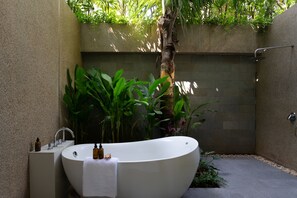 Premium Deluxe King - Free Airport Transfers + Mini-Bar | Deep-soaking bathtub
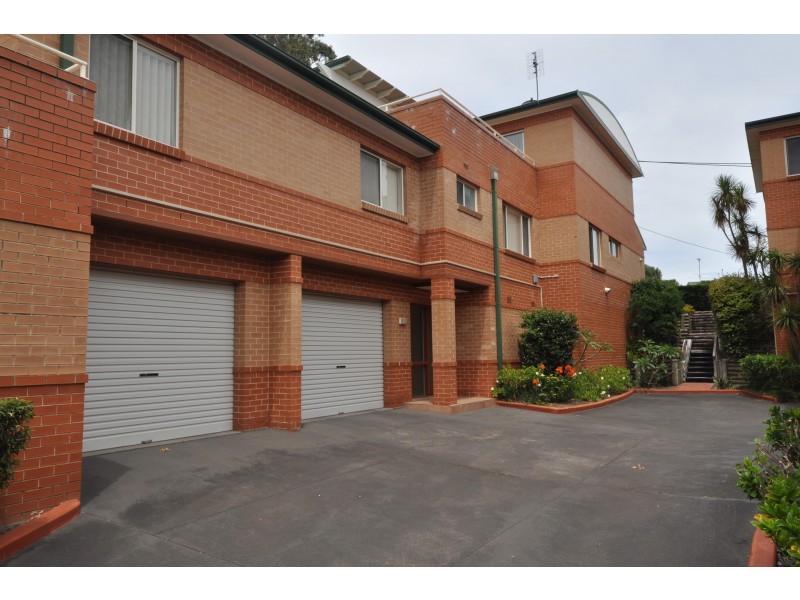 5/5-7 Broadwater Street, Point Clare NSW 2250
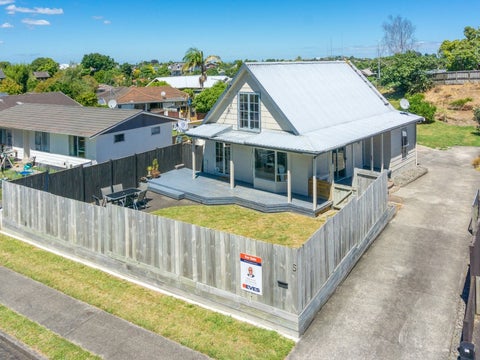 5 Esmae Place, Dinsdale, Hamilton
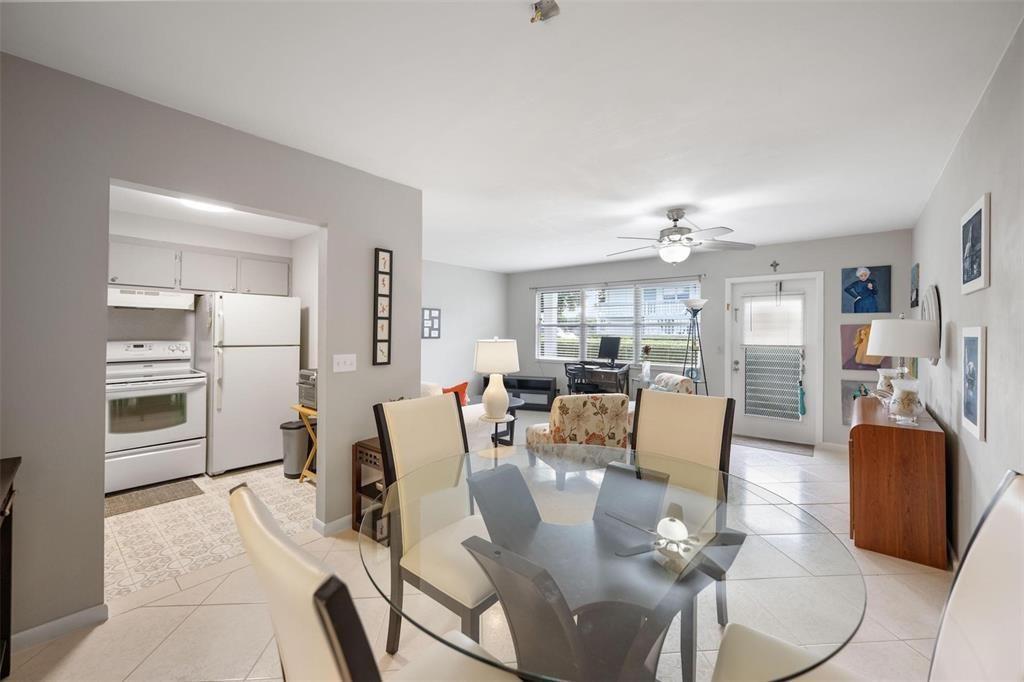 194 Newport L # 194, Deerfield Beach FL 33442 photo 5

--

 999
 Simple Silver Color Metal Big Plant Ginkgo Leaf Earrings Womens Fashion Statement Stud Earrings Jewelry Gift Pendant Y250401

==

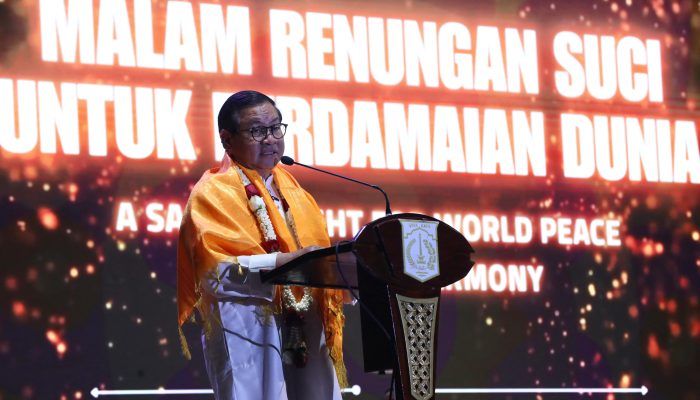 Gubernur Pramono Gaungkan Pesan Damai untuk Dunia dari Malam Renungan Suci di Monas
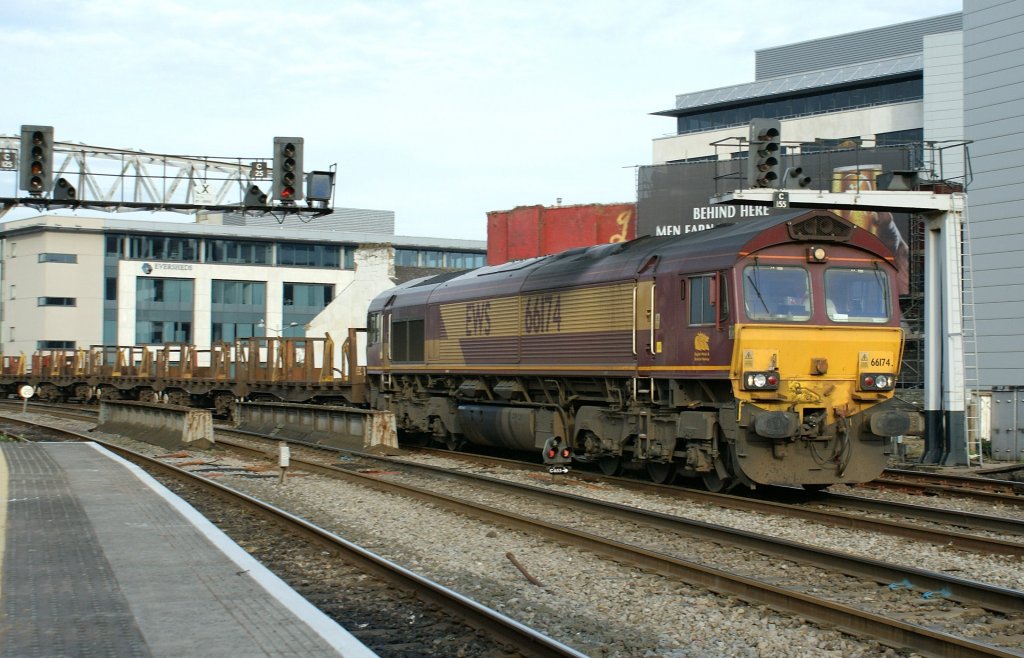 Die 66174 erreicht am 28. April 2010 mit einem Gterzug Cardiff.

◆ Exercise description
In the listing above, find the line with "Gubernur Pramono Gaungkan" and output every line through the one with "Die 66174 erreicht", exactly, without the pictures.

◆ Answer for the task
 Gubernur Pramono Gaungkan Pesan Damai untuk Dunia dari Malam Renungan Suci di Monas
 Die 66174 erreicht am 28. April 2010 mit einem Gterzug Cardiff.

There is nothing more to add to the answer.